* **Task details**
The answer is one number. Say how many lines in the entries below include the word "Neck".

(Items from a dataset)
★ ★ ★ ★ ★

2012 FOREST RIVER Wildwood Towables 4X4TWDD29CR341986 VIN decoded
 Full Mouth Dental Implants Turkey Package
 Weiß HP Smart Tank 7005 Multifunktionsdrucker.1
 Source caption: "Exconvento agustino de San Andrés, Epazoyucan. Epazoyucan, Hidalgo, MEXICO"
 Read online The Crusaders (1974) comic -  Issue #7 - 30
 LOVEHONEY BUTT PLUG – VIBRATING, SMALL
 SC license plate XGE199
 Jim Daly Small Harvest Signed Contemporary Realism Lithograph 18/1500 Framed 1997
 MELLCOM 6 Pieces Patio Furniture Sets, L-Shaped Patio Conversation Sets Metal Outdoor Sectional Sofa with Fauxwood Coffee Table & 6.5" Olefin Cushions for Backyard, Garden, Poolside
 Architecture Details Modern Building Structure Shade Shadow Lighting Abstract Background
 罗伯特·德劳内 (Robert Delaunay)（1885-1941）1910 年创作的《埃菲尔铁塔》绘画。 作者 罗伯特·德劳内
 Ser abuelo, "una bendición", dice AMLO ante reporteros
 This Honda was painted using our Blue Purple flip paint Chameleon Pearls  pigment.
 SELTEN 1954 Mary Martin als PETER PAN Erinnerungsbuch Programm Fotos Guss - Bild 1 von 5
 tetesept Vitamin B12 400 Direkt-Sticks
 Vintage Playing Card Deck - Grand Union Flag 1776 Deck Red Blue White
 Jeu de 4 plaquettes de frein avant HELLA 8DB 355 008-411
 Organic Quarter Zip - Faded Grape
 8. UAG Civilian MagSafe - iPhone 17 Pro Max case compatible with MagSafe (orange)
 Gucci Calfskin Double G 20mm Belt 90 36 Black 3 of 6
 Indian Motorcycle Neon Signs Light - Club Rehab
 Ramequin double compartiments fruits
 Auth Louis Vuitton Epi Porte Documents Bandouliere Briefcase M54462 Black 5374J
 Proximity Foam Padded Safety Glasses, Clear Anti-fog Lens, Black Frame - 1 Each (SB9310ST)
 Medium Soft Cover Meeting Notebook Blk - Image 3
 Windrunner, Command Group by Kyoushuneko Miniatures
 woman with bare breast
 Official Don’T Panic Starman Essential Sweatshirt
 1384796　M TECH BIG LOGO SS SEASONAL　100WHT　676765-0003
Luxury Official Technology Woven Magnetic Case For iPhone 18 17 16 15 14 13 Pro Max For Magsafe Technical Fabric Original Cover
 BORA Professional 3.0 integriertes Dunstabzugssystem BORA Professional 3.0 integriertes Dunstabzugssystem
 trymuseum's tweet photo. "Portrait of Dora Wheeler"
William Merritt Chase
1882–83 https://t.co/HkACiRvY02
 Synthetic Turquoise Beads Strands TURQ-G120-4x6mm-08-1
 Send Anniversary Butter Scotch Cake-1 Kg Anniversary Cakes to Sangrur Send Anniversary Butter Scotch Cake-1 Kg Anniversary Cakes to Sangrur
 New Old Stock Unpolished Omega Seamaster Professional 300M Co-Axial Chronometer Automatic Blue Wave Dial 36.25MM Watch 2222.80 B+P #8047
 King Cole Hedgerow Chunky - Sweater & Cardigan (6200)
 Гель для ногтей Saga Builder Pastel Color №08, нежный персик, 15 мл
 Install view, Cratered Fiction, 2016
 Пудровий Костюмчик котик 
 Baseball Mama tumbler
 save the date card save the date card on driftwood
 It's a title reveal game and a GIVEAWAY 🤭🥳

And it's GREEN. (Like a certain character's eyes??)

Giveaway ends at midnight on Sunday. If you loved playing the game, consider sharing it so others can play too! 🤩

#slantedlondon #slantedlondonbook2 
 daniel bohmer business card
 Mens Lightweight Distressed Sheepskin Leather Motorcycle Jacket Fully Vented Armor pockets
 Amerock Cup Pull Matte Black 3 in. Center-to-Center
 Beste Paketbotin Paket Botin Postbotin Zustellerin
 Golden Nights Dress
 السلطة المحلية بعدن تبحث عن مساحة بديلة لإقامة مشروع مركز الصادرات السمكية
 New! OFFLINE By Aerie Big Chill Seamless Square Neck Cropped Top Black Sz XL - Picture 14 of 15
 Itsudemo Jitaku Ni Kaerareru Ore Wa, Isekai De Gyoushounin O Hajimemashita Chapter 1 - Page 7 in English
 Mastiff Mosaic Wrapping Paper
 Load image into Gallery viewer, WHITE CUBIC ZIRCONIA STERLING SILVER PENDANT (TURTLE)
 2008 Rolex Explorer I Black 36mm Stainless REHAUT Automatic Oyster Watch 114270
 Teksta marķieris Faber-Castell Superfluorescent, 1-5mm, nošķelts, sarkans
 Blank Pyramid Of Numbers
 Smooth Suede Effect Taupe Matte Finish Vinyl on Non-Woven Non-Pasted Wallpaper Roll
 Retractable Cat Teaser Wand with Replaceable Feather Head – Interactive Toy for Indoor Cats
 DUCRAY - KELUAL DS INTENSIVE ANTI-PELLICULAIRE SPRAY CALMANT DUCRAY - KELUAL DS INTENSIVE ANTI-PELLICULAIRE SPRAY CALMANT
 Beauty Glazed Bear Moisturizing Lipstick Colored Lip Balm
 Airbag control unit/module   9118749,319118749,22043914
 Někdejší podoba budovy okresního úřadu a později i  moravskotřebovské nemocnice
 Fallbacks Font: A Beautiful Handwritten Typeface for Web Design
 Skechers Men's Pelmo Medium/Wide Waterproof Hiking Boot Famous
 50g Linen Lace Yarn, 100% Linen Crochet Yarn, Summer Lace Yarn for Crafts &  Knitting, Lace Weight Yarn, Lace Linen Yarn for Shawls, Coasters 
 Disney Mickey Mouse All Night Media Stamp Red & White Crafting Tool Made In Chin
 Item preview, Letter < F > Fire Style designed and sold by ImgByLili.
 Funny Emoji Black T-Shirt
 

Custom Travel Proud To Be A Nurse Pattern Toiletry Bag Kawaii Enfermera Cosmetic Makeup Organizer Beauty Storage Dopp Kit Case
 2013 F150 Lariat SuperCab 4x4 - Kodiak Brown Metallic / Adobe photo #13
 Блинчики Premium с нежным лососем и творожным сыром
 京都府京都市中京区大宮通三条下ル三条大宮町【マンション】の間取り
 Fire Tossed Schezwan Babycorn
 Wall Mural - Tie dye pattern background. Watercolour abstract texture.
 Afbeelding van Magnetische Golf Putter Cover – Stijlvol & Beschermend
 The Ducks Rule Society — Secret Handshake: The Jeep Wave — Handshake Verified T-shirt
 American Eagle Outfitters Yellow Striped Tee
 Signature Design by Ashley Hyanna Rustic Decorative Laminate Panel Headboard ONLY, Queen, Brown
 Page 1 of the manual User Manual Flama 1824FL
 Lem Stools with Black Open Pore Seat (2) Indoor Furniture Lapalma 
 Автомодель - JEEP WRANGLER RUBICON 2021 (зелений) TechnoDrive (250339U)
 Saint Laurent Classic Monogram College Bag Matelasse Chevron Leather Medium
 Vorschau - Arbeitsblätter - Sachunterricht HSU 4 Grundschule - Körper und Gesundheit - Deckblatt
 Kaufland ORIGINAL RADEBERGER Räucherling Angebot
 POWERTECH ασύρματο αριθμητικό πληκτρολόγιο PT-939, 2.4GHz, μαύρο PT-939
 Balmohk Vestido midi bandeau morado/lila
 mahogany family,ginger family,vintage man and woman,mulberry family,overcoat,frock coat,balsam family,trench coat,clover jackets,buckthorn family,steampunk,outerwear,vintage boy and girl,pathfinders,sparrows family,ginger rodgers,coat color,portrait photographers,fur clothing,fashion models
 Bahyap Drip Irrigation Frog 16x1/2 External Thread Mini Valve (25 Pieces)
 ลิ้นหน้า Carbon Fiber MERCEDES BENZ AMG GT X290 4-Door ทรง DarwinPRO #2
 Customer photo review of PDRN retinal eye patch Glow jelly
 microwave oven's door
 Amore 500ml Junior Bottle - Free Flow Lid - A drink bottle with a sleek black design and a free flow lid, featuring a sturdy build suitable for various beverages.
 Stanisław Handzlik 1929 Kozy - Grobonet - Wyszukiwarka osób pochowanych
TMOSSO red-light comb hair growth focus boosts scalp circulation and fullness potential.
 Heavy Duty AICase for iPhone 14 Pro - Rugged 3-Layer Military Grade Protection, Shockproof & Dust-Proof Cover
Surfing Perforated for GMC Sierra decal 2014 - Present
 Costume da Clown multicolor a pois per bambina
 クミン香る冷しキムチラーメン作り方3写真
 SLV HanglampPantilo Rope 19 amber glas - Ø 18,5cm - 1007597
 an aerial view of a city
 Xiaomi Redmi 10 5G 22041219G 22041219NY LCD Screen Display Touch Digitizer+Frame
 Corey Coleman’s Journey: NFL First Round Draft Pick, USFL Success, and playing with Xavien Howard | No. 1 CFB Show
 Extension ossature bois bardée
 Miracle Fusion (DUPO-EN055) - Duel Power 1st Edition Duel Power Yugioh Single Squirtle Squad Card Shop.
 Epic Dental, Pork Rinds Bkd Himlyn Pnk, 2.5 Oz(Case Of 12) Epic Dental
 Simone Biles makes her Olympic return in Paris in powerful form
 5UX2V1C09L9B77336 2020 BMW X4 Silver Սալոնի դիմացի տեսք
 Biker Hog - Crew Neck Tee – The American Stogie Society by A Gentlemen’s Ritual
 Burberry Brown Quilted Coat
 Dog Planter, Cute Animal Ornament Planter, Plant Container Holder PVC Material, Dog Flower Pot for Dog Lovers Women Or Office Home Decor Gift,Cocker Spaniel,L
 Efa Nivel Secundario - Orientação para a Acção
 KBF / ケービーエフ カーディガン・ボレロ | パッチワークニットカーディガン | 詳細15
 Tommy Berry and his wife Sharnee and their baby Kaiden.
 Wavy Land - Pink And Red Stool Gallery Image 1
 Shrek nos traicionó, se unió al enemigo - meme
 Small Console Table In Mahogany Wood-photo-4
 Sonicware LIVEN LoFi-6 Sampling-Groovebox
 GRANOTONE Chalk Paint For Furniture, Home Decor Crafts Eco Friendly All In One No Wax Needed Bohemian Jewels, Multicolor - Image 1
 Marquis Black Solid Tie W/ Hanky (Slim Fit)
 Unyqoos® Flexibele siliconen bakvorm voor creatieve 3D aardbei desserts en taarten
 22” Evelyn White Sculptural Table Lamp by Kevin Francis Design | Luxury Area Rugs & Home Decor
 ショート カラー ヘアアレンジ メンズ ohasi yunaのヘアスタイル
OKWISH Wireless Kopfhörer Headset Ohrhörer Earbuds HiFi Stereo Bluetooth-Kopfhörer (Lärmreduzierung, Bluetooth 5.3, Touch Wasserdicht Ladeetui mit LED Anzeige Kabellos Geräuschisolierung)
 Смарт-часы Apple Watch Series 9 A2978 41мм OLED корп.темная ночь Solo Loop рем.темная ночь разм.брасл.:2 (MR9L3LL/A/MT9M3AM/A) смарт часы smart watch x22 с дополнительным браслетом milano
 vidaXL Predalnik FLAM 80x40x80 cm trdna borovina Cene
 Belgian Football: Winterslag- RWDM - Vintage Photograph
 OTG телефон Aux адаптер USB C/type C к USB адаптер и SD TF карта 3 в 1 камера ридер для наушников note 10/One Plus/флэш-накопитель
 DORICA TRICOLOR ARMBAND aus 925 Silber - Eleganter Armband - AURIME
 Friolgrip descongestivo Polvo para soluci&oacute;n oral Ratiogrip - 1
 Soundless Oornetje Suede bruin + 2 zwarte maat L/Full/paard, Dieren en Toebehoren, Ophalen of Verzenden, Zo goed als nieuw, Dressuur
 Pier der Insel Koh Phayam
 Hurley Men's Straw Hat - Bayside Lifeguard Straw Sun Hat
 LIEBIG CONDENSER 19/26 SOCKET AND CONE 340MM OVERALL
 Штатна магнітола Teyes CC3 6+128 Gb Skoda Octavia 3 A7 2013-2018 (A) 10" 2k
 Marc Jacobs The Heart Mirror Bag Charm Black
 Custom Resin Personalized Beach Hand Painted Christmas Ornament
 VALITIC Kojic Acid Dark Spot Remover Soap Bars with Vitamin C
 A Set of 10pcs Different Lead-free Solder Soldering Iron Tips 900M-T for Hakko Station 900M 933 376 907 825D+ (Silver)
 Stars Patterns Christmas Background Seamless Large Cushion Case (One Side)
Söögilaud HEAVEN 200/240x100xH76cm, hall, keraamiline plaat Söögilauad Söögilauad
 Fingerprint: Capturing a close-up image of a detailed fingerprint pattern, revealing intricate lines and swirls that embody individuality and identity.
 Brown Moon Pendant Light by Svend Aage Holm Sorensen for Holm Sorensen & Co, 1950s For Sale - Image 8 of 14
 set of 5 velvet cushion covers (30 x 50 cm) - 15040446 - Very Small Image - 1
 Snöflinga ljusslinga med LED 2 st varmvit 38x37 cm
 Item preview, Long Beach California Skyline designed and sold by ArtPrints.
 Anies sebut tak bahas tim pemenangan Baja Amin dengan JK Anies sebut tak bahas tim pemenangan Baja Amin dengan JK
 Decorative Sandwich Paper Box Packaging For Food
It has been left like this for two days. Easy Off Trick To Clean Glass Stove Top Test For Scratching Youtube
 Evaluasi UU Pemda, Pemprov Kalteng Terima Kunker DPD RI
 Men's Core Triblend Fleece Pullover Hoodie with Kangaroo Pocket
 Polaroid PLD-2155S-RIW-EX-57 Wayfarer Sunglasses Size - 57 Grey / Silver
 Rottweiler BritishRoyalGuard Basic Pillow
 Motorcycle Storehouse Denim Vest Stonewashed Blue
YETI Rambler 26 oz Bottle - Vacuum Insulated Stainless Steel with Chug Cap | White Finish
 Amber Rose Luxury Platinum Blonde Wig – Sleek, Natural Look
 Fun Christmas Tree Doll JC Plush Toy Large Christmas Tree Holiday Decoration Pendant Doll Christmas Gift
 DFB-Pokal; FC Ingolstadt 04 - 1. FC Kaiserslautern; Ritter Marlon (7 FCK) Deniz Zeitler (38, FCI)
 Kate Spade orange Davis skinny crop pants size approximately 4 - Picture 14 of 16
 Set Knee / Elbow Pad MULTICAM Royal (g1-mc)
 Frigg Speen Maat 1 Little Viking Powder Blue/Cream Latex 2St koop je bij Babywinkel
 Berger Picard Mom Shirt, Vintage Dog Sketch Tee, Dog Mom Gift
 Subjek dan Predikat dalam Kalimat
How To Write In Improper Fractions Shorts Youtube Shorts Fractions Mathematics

★ ★ ★ ★ ★

* **Result of this exercise**
2